● TASK ITEM:
From the line containing "A kitchen with" to the line containing "a bathroom with" in the entries below, reproduce every line exactly, ends included. Nothing else belongs in the copy, and no pictures.

-- RECORD EXTRACTS follows --

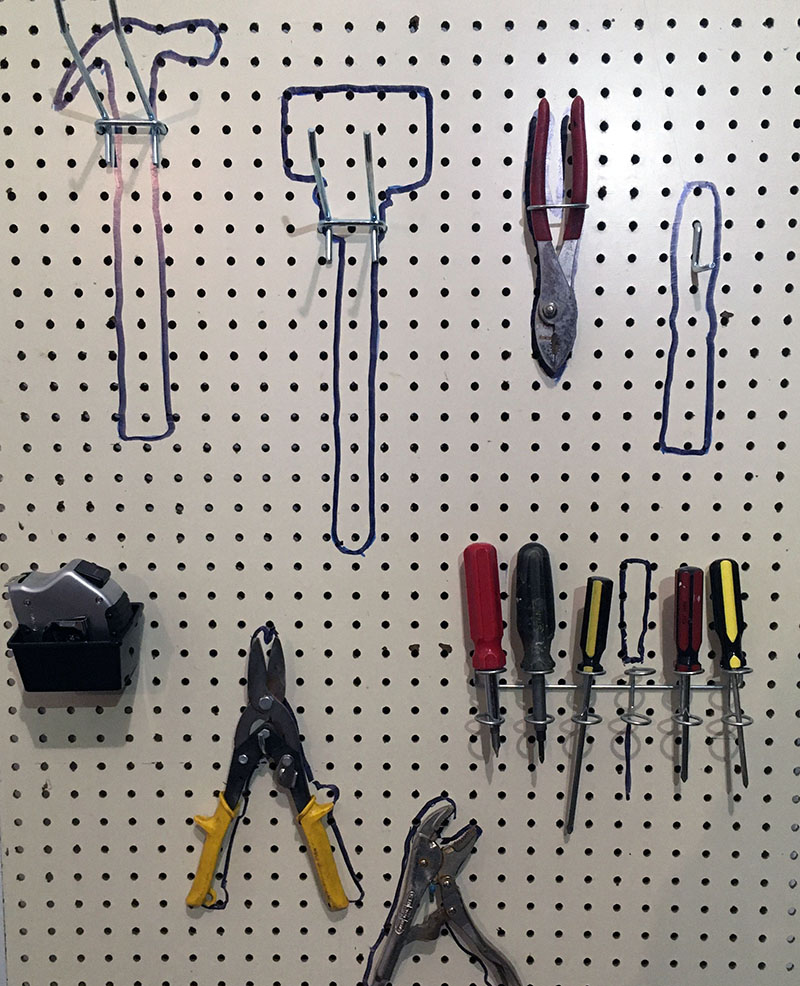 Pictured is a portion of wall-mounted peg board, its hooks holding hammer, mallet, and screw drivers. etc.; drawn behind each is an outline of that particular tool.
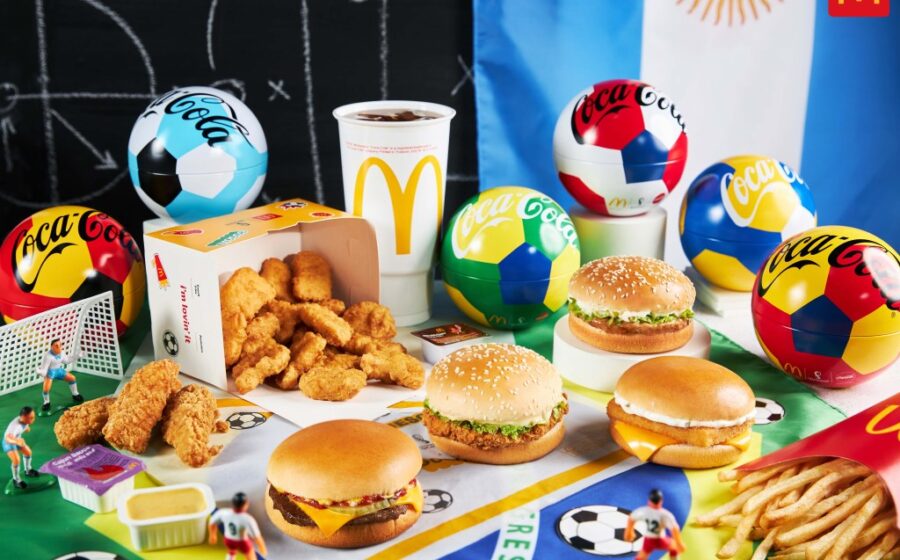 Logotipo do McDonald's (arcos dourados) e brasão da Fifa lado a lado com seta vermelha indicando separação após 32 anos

-- RECORD EXTRACTS concluded --
-- RECORD EXTRACTS follows --

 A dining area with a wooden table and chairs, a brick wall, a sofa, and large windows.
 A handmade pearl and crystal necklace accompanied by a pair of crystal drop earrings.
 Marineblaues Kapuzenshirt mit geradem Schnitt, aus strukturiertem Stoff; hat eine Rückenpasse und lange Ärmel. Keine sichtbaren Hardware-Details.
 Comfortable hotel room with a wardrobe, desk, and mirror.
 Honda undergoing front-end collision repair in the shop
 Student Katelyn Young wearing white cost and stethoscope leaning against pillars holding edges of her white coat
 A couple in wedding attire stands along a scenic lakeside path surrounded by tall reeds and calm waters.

-- RECORD EXTRACTS concluded --
-- RECORD EXTRACTS follows --

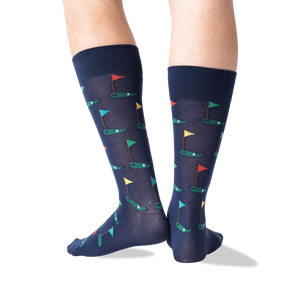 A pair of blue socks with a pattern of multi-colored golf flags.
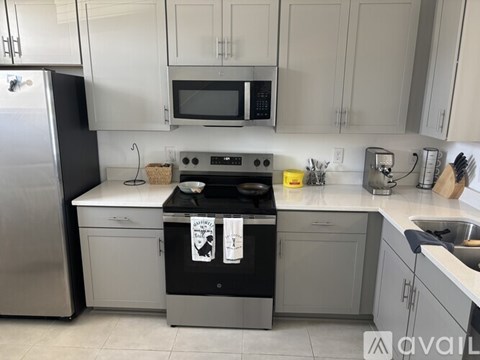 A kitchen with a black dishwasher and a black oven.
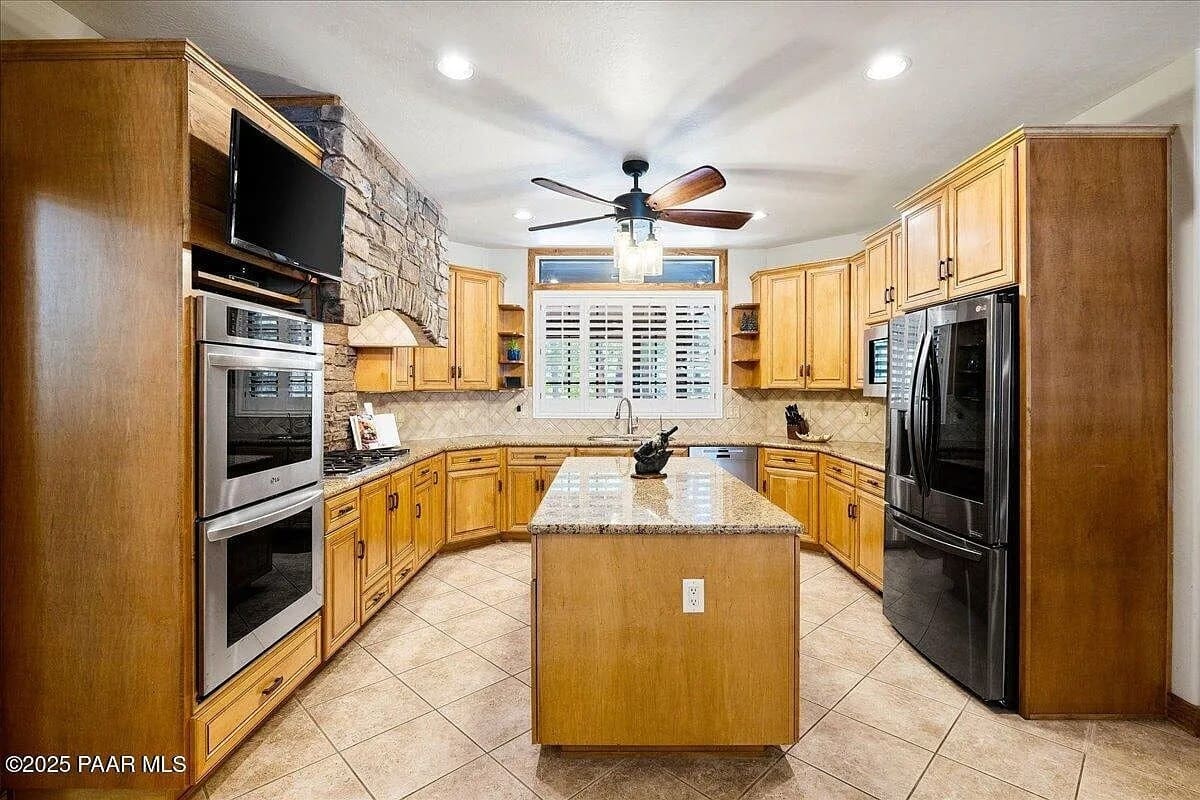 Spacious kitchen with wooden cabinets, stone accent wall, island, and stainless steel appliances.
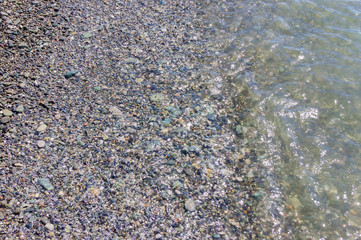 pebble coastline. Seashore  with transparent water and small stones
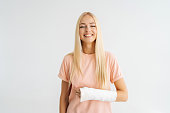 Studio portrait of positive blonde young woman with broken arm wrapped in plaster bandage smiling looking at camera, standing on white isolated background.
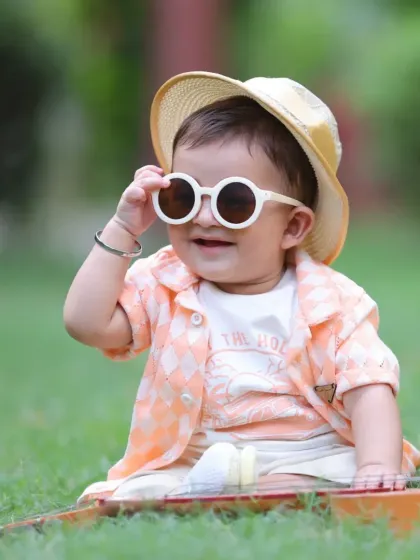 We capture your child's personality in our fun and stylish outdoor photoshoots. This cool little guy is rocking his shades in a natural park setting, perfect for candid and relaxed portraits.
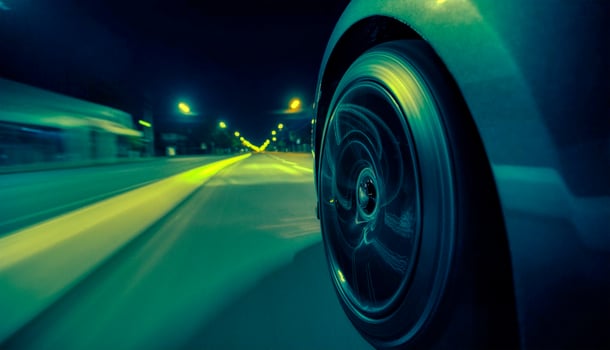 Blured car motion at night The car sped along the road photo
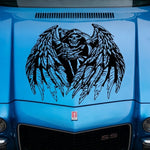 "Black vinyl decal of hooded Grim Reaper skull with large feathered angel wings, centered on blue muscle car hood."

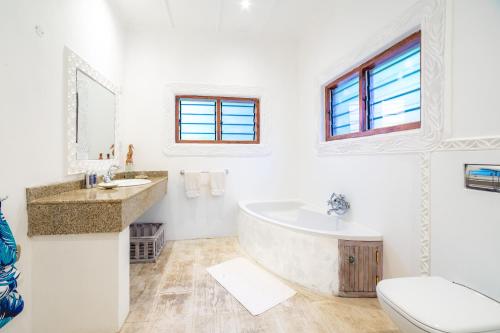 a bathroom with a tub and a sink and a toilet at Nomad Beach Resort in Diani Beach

-- RECORD EXTRACTS concluded --

● TASK OUTPUT:
 A kitchen with a black dishwasher and a black oven.
 Spacious kitchen with wooden cabinets, stone accent wall, island, and stainless steel appliances.
 pebble coastline. Seashore  with transparent water and small stones
 Studio portrait of positive blonde young woman with broken arm wrapped in plaster bandage smiling looking at camera, standing on white isolated background.
 We capture your child's personality in our fun and stylish outdoor photoshoots. This cool little guy is rocking his shades in a natural park setting, perfect for candid and relaxed portraits.
 Blured car motion at night The car sped along the road photo
 "Black vinyl decal of hooded Grim Reaper skull with large feathered angel wings, centered on blue muscle car hood."

 a bathroom with a tub and a sink and a toilet at Nomad Beach Resort in Diani Beach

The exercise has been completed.